L’article explique pourquoi il est crucial de tester régulièrement la restauration des sauvegardes PostgreSQL, illustré par l’expérience de l’auteur. Un pg_dump quotidien, même automatisé et stocké hors site, reste théorique tant qu’il n’a pas été restauré, car son intégrité et sa lisibilité ne sont pas garanties. L’auteur partage son échec initial lors d’un exercice de restauration, révélant des pièges inattendus, et souligne l’importance de mesurer le RTO (Recovery Time Objective) plutôt que de se contenter d’un RPO (Recovery Point Objective) théorique.
L’auteur propose une méthode simple pour automatiser ces tests, en utilisant un conteneur dédié qui génère des sauvegardes compressées et chiffrées, avec une rotation configurable. L’exemple concret de son blog montre comment intégrer cette pratique dans une infrastructure existante via Docker Compose, sans dépendre de scripts maison.

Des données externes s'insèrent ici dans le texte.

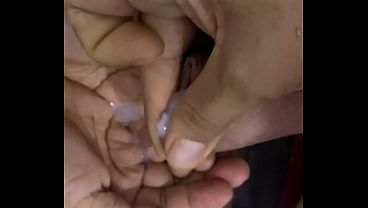 Mi esposa sacando leche Mi esposa sacando leche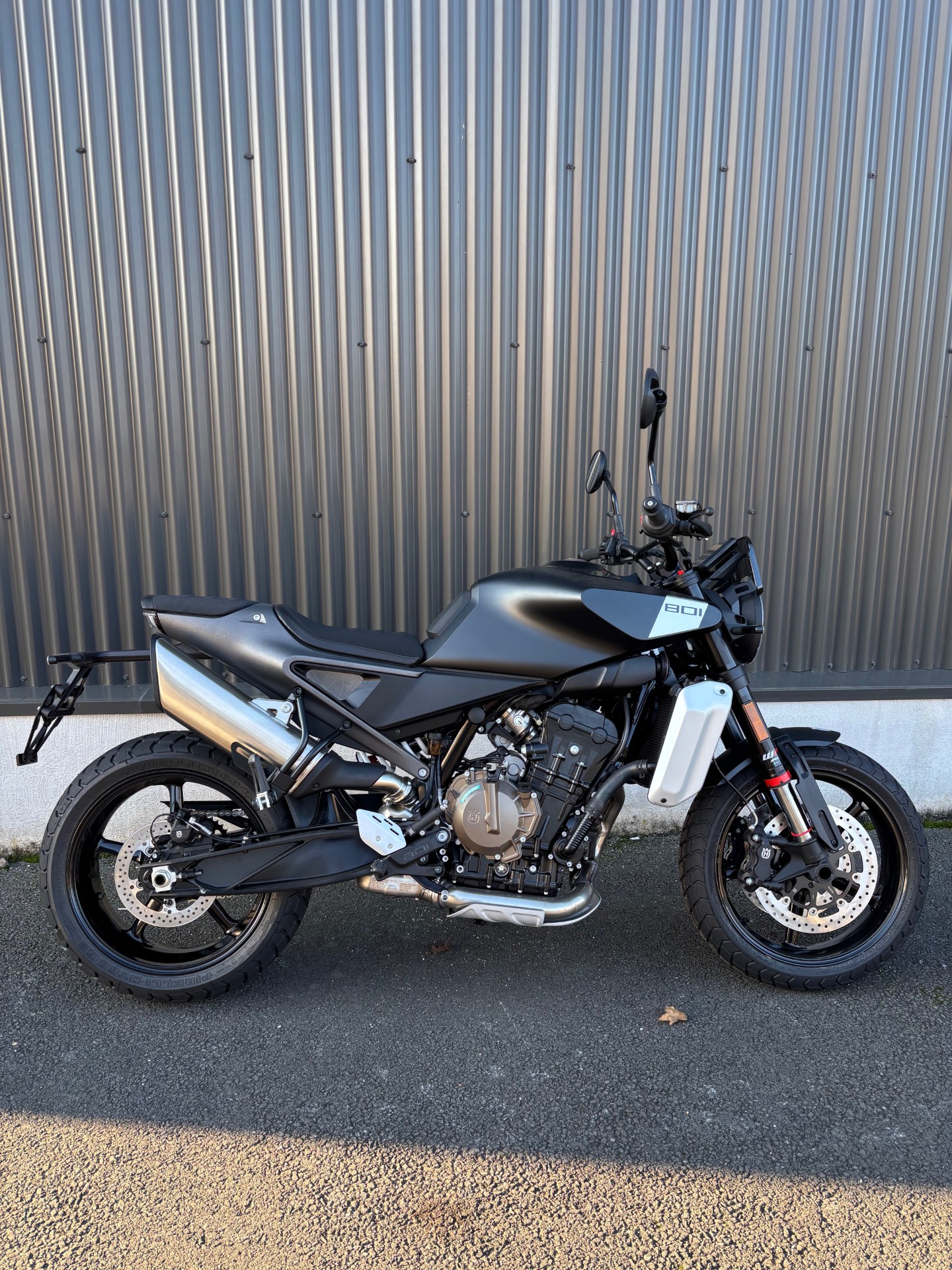 HUSQVARNA SVARTPILEN 801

L’objectif est de transformer une sauvegarde passive en un processus vérifiable et répétable, avec des métriques tangibles.
Enfin, l’article précise que cette approche convient aux projets modestes (blogs, side projects) et exclut les solutions avancées comme le PITR ou la réplication. L’auteur insiste sur le fait qu’un backup non testé est aussi inutile qu’un dump corrompu, et encourage à intégrer ces exercices dans les bonnes pratiques DevOps.